WHAT TO DO -
Please, from the entries below, transcribe exactly the lines that begin at the line with "Then you would" and end at the line with "All right crew, the", without the pictures.
Segment Start: RECORDS FOR THE TASK
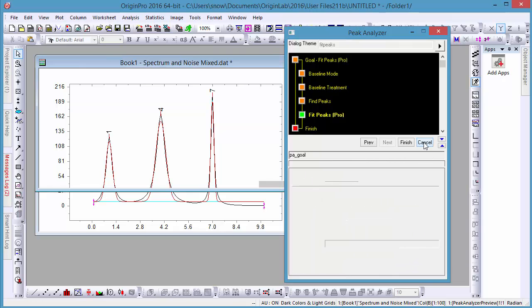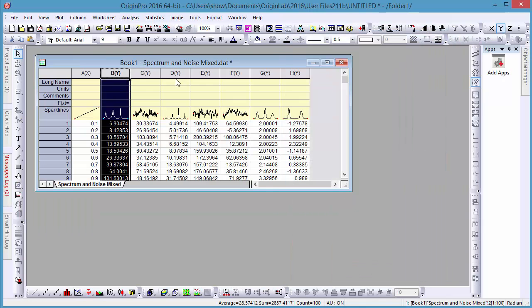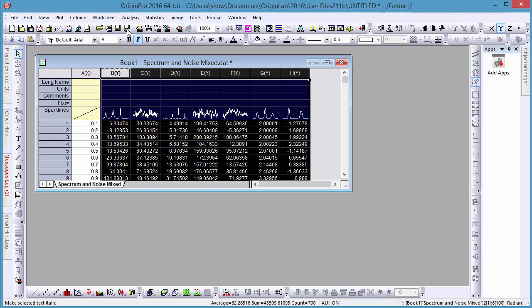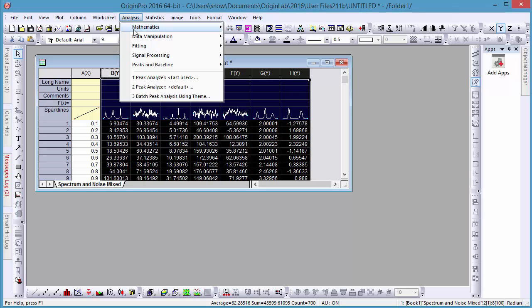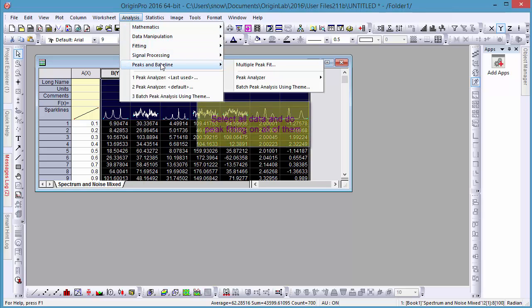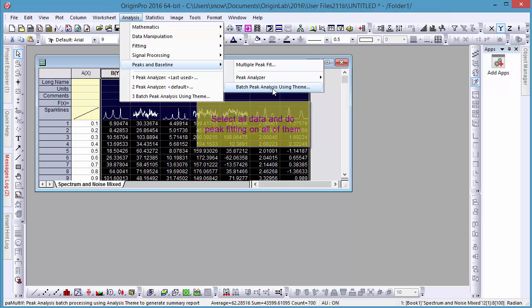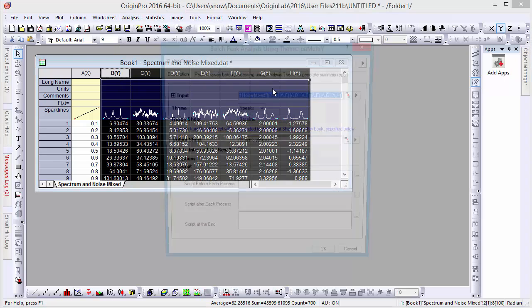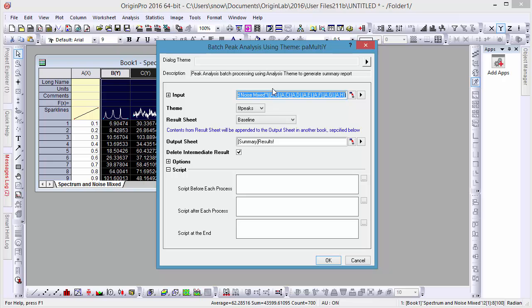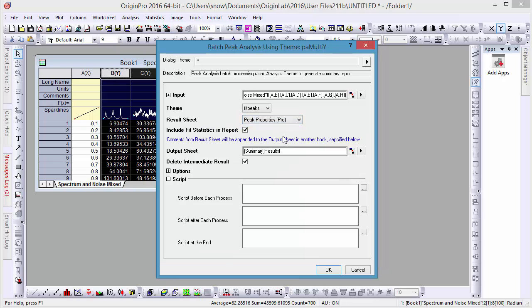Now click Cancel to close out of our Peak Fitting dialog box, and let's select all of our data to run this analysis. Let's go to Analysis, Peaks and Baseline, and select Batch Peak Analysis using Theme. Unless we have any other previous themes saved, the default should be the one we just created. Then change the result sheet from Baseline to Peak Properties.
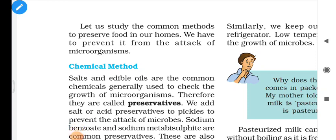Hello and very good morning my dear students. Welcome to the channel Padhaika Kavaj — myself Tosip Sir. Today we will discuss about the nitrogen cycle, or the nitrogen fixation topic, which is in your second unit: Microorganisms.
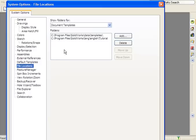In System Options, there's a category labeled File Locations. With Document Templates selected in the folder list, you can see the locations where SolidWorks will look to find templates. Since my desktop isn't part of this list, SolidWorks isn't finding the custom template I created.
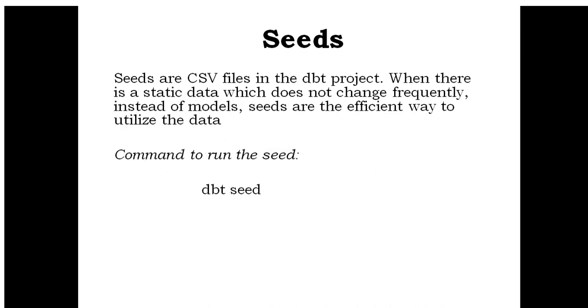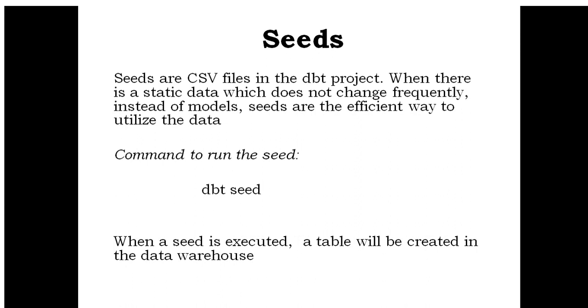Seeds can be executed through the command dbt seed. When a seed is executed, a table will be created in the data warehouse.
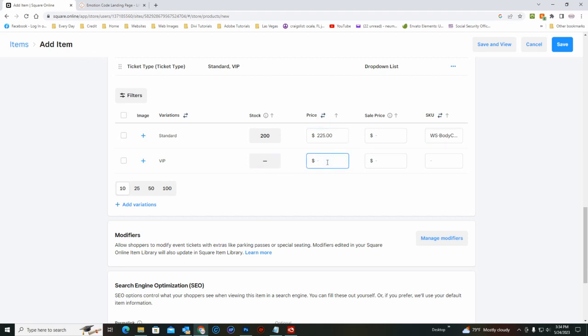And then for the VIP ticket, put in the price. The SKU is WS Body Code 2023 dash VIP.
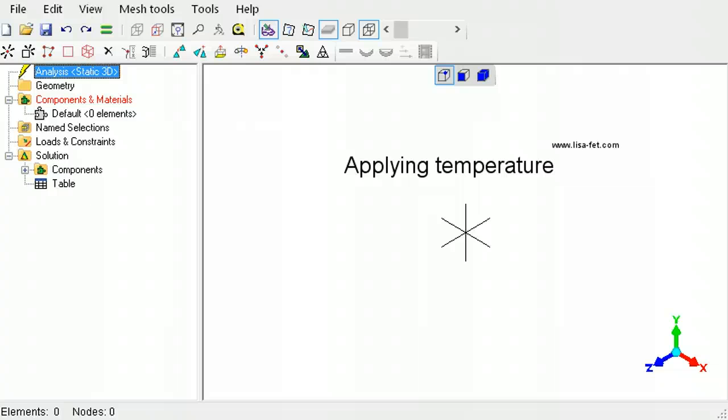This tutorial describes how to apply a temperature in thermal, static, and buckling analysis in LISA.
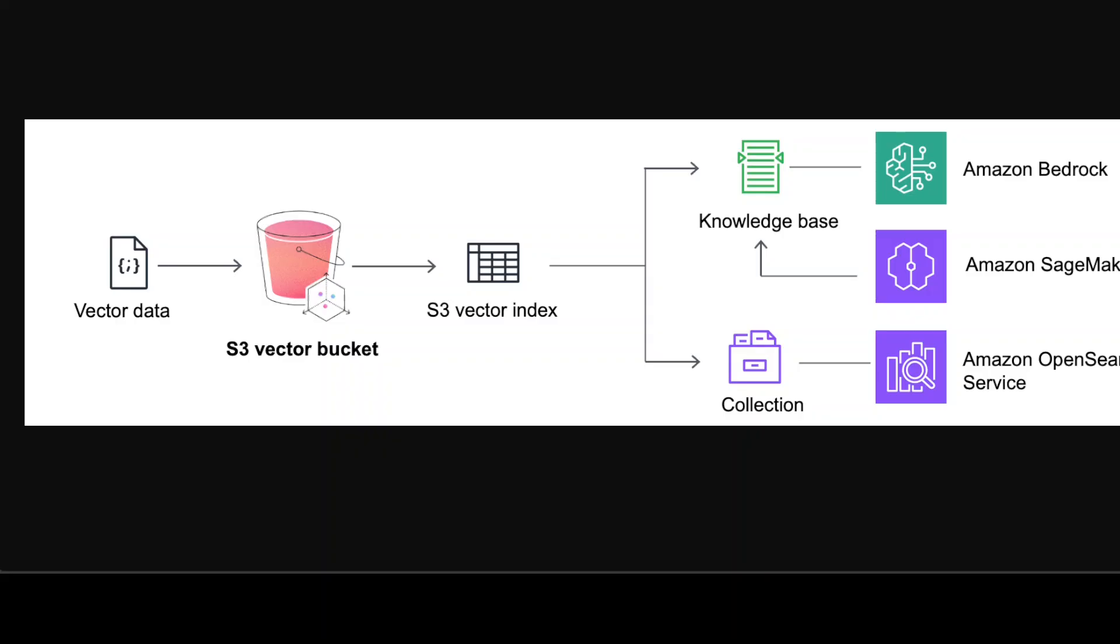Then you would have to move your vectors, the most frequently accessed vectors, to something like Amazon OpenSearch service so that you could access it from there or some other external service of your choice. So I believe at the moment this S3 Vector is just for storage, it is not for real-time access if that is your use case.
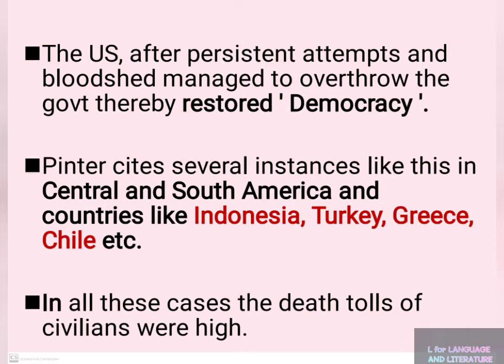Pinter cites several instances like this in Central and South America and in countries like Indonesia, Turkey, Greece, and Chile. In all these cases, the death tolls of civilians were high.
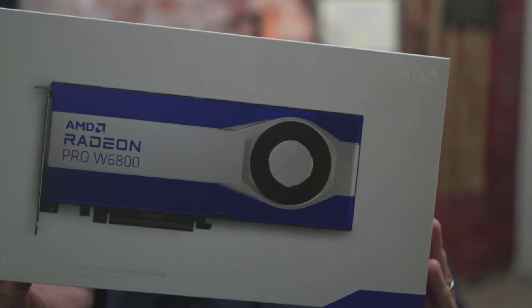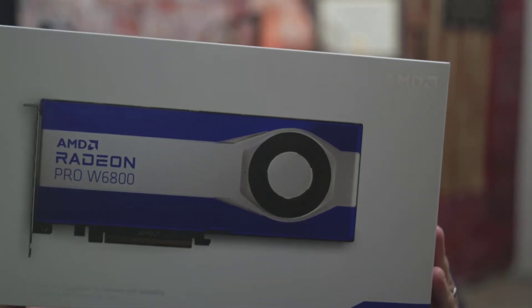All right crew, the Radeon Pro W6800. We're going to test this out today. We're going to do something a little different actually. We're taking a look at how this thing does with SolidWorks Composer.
Segment End: RECORDS FOR THE TASK
Segment Start: RECORDS FOR THE TASK
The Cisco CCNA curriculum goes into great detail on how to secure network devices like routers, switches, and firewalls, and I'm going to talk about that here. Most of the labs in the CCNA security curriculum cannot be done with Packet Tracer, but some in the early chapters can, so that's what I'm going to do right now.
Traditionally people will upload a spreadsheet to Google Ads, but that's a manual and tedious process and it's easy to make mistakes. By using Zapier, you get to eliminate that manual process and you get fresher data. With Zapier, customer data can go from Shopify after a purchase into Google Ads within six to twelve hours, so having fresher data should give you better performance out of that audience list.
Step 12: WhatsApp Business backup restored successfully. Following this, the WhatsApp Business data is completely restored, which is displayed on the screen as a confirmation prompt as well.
Segment End: RECORDS FOR THE TASK
Segment Start: RECORDS FOR THE TASK
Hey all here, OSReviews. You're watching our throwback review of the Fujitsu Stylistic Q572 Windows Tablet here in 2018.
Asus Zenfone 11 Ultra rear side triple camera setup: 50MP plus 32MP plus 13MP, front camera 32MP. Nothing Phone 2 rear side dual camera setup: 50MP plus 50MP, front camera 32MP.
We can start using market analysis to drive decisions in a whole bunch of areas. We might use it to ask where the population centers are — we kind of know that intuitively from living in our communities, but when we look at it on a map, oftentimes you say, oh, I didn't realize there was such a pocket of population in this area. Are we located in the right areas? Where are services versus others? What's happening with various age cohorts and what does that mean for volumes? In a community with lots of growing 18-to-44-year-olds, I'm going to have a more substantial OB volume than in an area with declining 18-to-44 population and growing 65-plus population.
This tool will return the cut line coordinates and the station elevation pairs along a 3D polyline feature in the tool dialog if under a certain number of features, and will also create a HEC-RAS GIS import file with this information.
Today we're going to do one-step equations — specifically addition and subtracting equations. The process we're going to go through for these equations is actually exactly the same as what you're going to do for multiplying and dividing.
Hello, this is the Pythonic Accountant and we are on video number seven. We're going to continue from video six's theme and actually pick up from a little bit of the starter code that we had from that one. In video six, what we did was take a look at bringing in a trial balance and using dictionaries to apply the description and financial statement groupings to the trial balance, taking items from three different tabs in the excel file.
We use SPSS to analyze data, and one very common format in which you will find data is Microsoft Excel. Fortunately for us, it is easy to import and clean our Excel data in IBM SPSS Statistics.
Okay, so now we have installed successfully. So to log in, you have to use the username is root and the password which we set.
Segment End: RECORDS FOR THE TASK
OUTPUT OF THE EXERCISE -
Then you would have to move your vectors, the most frequently accessed vectors, to something like Amazon OpenSearch service so that you could access it from there or some other external service of your choice. So I believe at the moment this S3 Vector is just for storage, it is not for real-time access if that is your use case.
Pinter cites several instances like this in Central and South America and in countries like Indonesia, Turkey, Greece, and Chile. In all these cases, the death tolls of civilians were high.
All right crew, the Radeon Pro W6800. We're going to test this out today. We're going to do something a little different actually. We're taking a look at how this thing does with SolidWorks Composer.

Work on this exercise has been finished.